Nie był pewny, na ile reakcja Joanny była związana ze spotkaniem z Langerem, a na ile wynikało to z jej kiepskiego stanu zdrowia. Z każdą chemią zdawała się niknąć w oczach, mimo zapewnień lekarzy, że jest to najlepsza dla niej forma leczenia. Może i mieli rację, ale lekarze nie widzieli tego, co dla niego stanowiło codzienny obrazek ich życia – jej brak sił do codziennych czynności, a co gorsze – fatalne samopoczucie względem, wg niej, niewypełniania swoich obowiązków jako matka. Choroba panosząca się po jej ciele była dla Chyłki niczym w porównaniu ze świadomością, że nie miała siły zajmować się własnym dzieckiem; od kiedy tylko lekarze pozwolili jej wziąć maleńką Aleksandrę na ręce, Chyłka robiła co w jej mocy, by dziewczynka wyszła ze szpitala w jak najlepszym stanie. Kangurowała ją godzinami w szpitalu, a potem w domu; przy zachowaniu wszelkich zdroworozsądkowych norm, zajmowała się dzieckiem z takim oddaniem, jakby czekała na nie całe życie, nie tylko te kilka miesięcy ciąży. Kordian był pod ogromnym wrażeniem, jak głęboką zmianę miał okazję codziennie oglądać. Oczywiście, Chyłka była wciąż tą samą osobą, która traktowała ludzi jak kości do obgryzienia; jednak pokłady czułości i miłości, jakimi obdarzała córkę – i jego samego – były dla niego totalną nowością.
Westchnął i zaczął się, bez przekonania, wczytywać w materiały od Juniora.

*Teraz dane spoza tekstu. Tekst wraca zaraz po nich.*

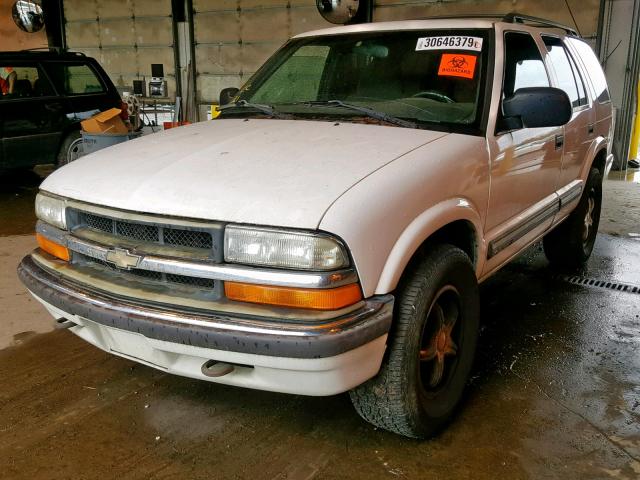 1GNDT13W11K244848 - 2001 CHEVROLET BLAZER WHITE photo 2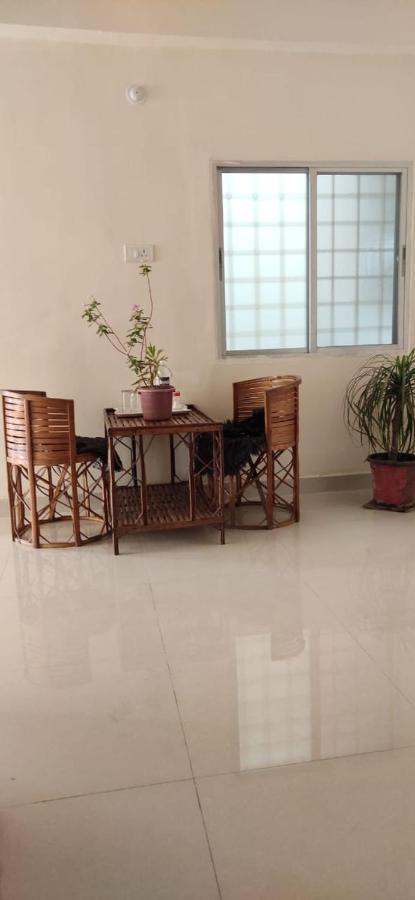 Love & Peace Apartment جبلبور المظهر الخارجي الصورة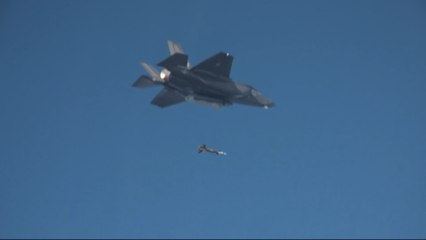 Pionyang redobla su desafío lanzando un misil ICBM que cayó cerca de Japón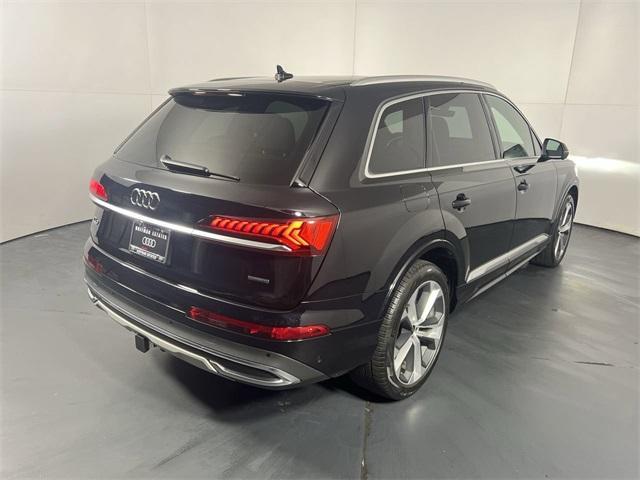 2021 audi q7 55 premium plus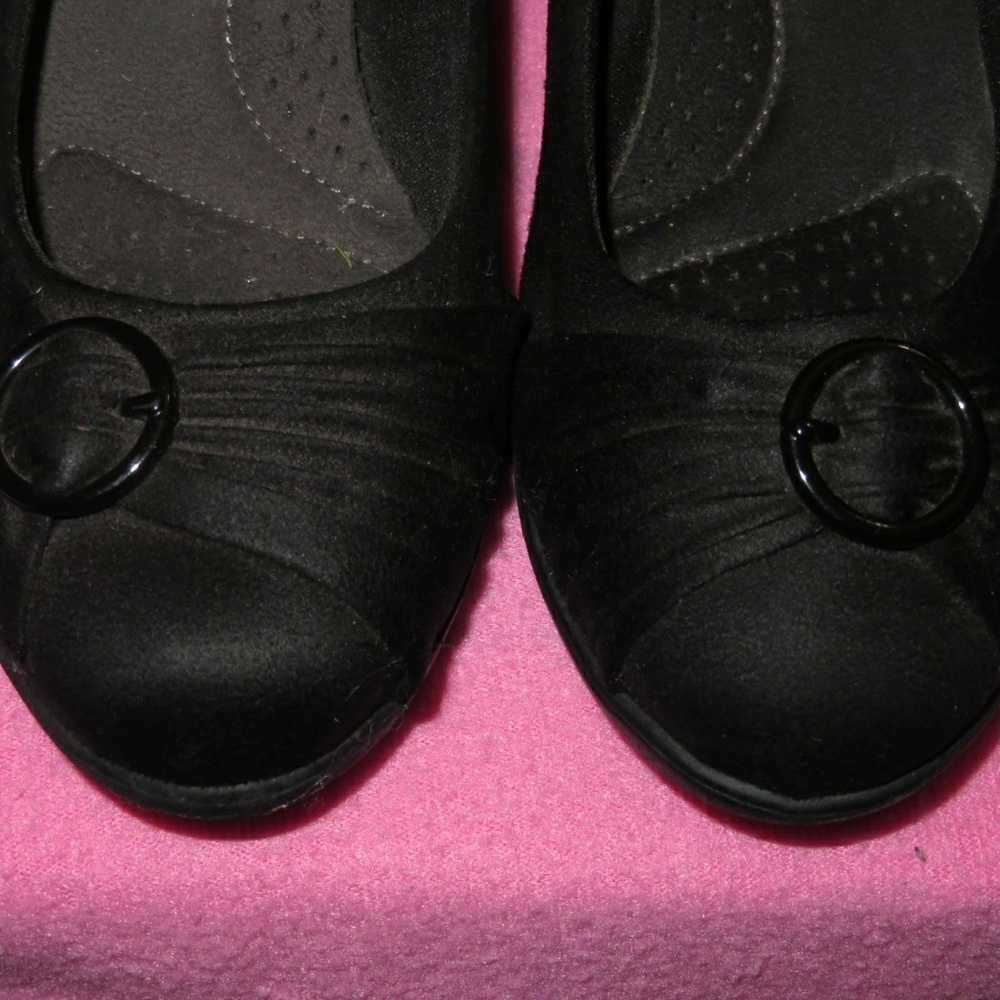 Short Black Wedges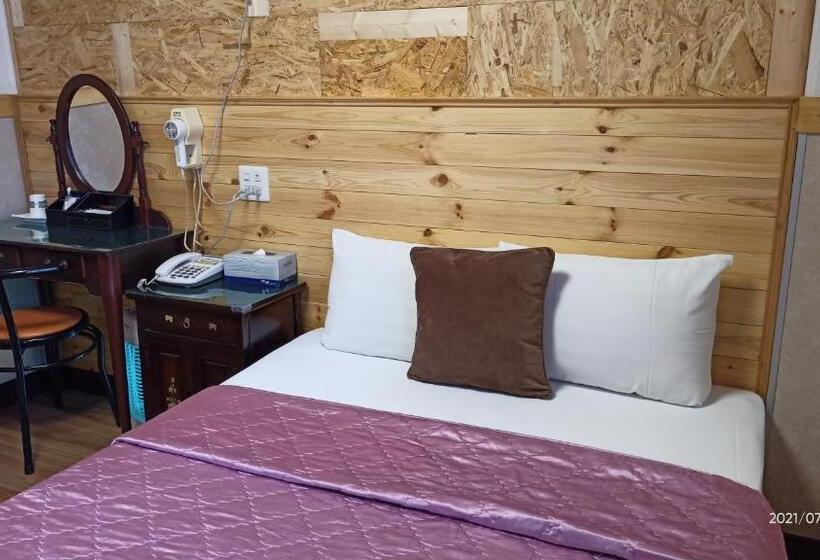 اتاق لوکس, 鑽石大旅社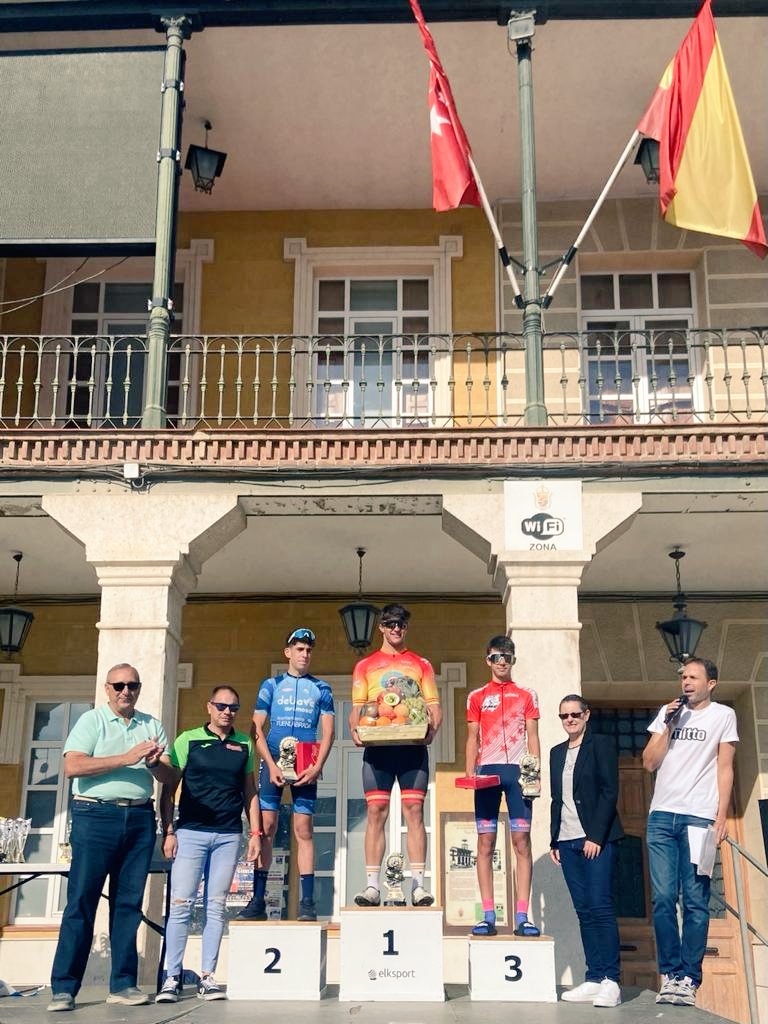 Morata ,tercer clasificado, Ganador de Montaña y Metas volantes.
Poco a poco chico mío
💪🚴🐤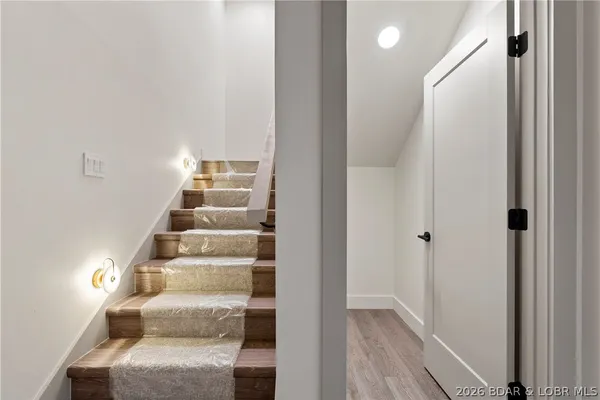 $1,899,000 | 154 Via Cresta Drive, Sunrise Beach, MO 65079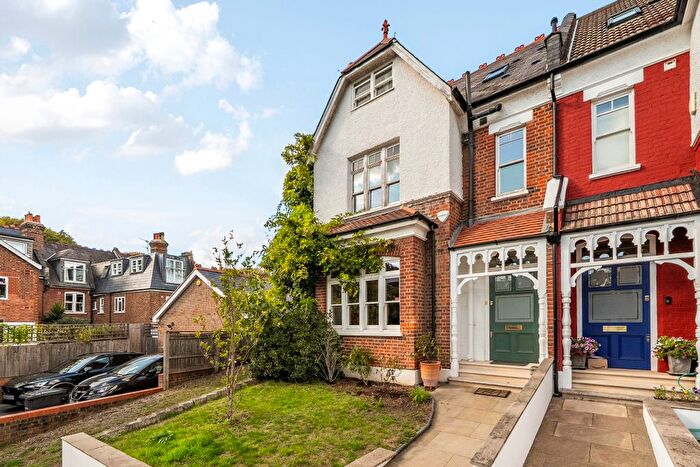 6 Bedroom Semi-detached House For Sale In Onslow Gardens, London, N10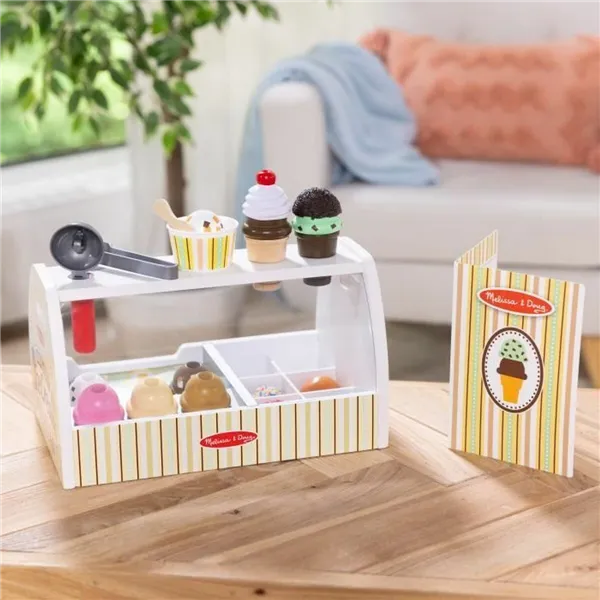 Action Figure Melissa & Doug
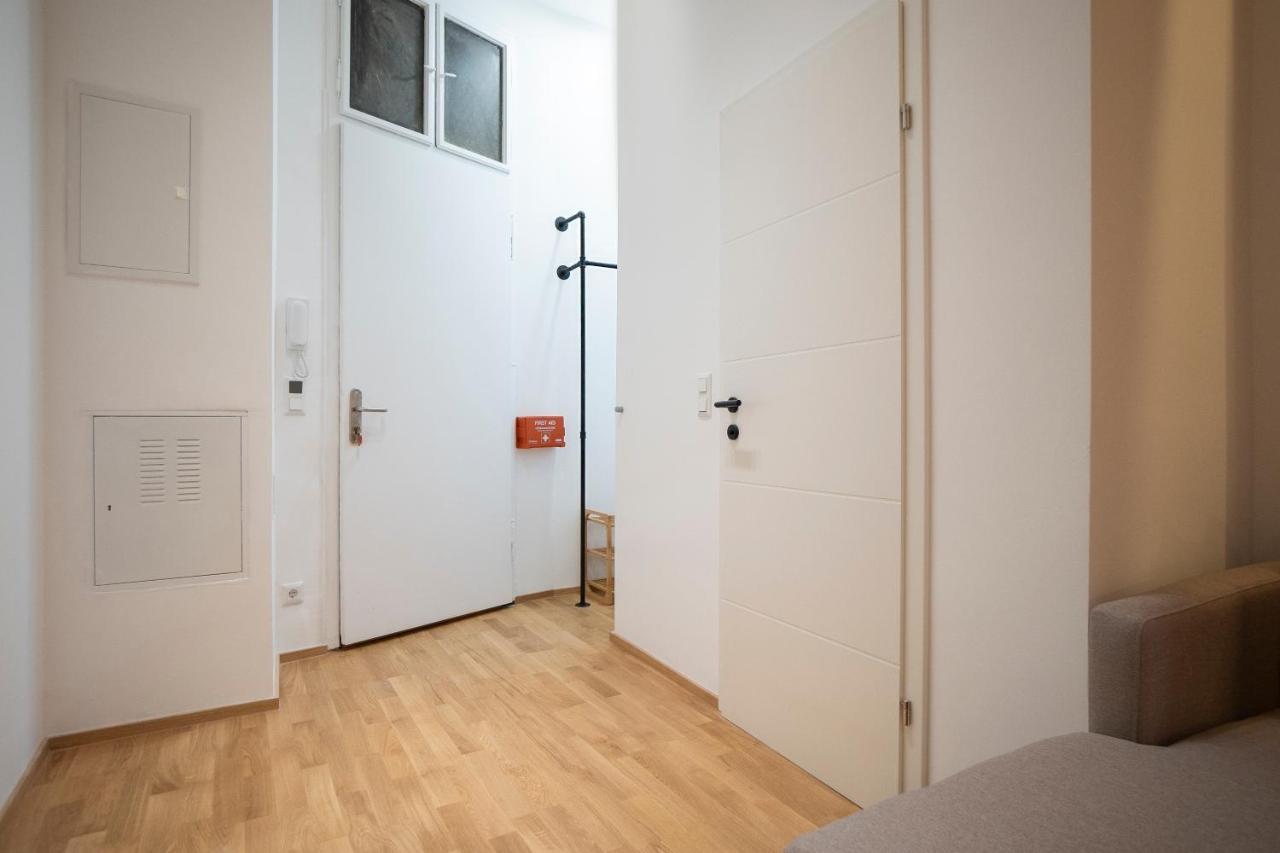 2-rooms Spacious In A Vibrant Cozy Area Apartamento Viena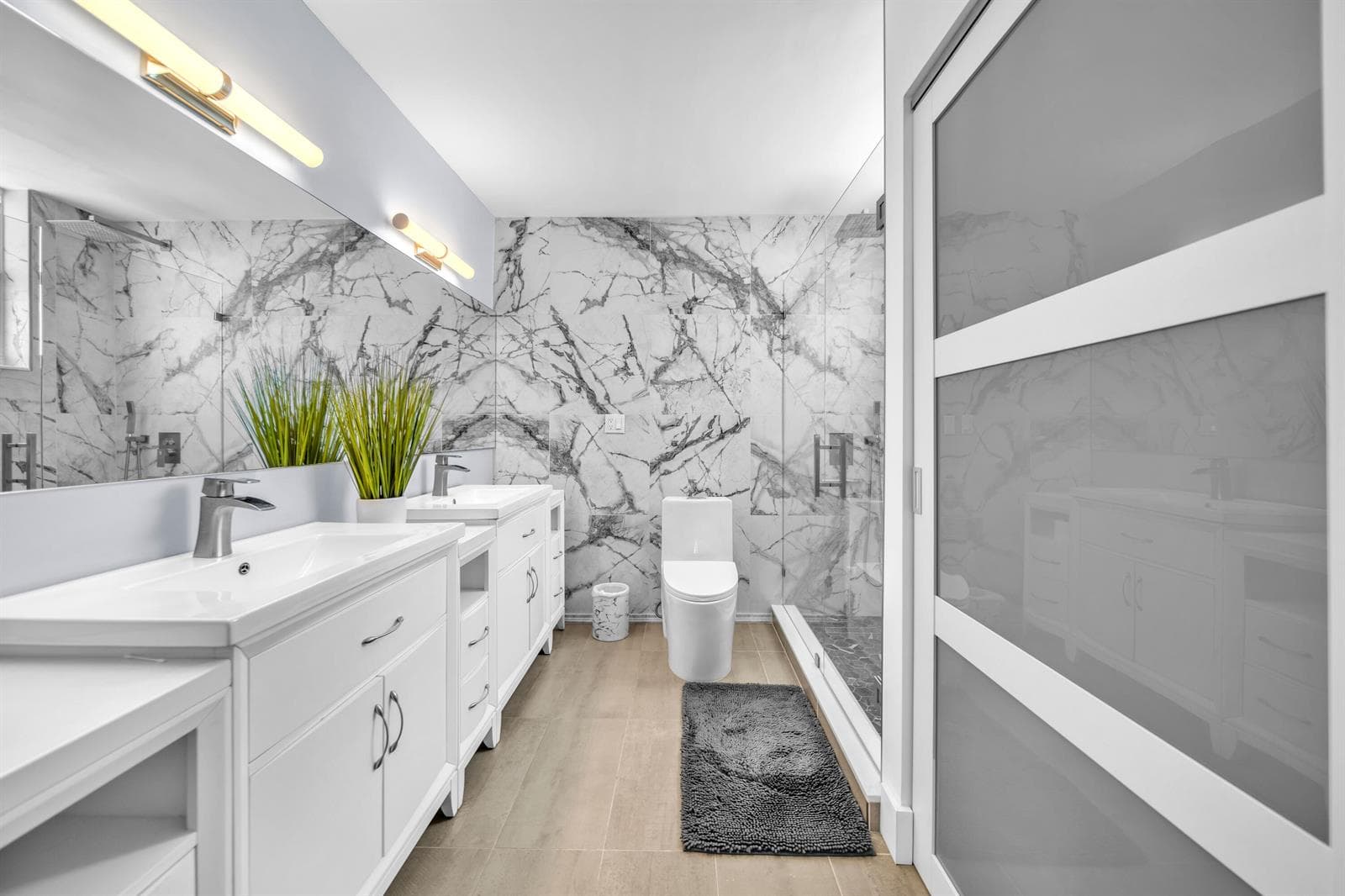 R11119469 — Miami Beach — 29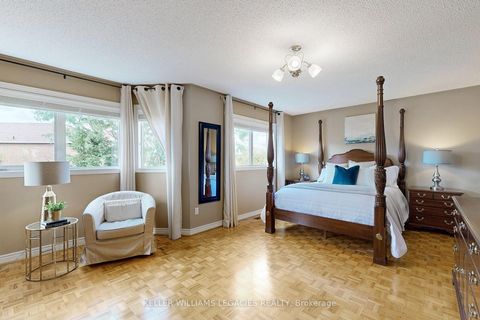 Photo 12 at 304 Maria Antonia Road, Vellore Village, Vaughan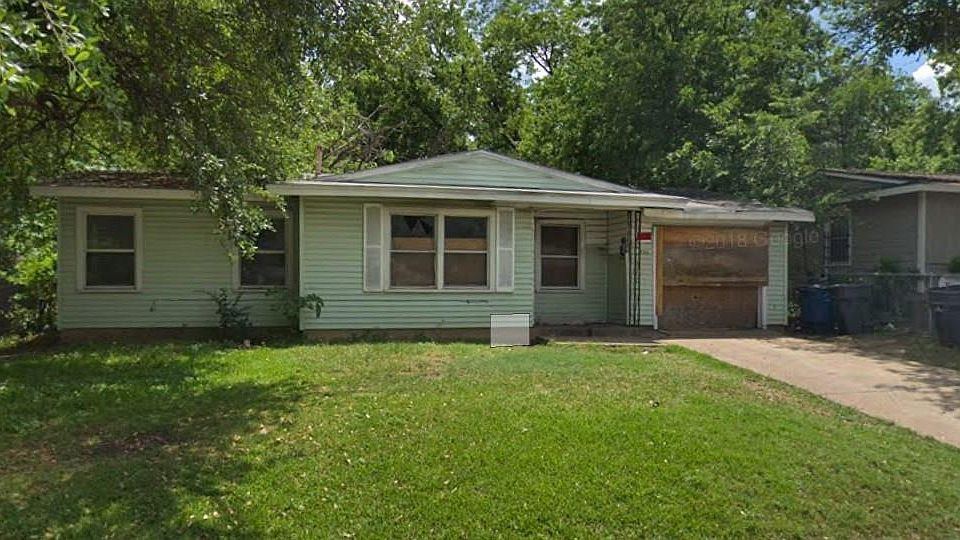 1st image of 756 Clearwood Dr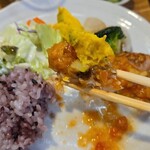 キッチン ブルー グローブ - パンプキンポテサラを添えて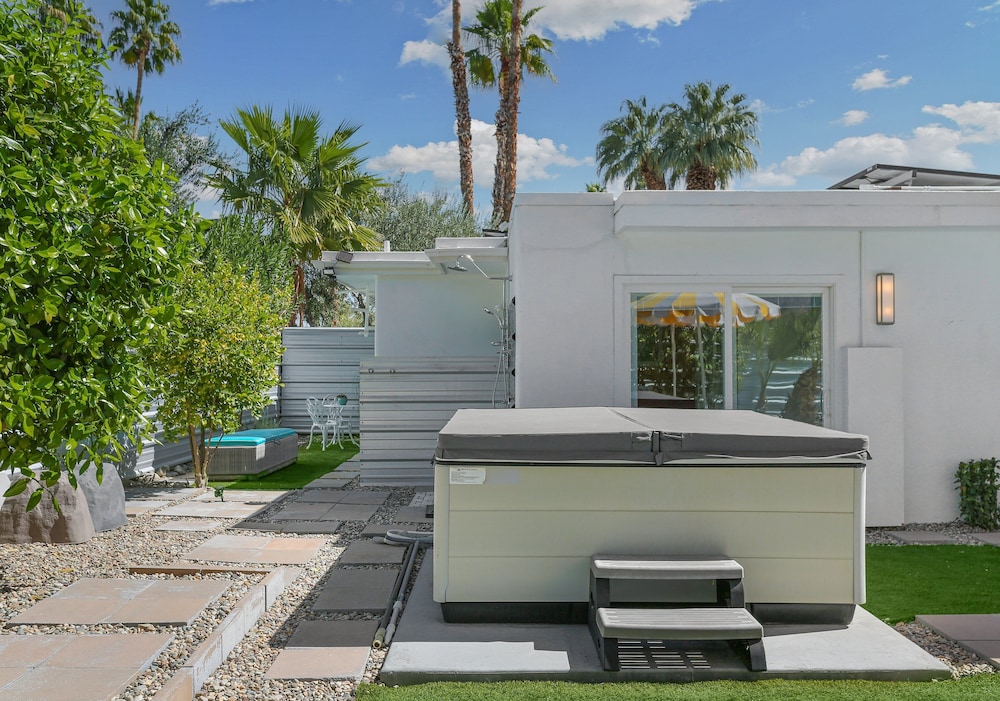 Birdcage Palm Springs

Chyłka nie miała pojęcia, że Gnida z Mokotowa, jak ostatnio zwykli go nazywać, wcześniej skontaktował się z Oryńskim, twierdząc, że w pewnej prywatnej klinice w Niemczech czeka miejsce na Joannę, gdzie dzięki eksperymentalnemu, ale wielce obiecującemu leczeniu, szybko wyzdrowieje i będzie mogła wieźć normalne życie. A ten, w obawie o jej już nie tylko zdrowie ale i życie... przyjął te warunki.
Dlaczego więc Langer zjawił się w parku, i czym tak bardzo wyprowadził Chyłkę z równowagi?
Nie zdążył się tego dowiedzieć w trakcie powrotu z parku, bo stan Joanny pogarszał się z minuty na minutę. Prawniczka wyznała mu tylko, że Langer wie o jej chorobie, że jej czymś grozi i ma pilnować tej teczki jak oka w głowie.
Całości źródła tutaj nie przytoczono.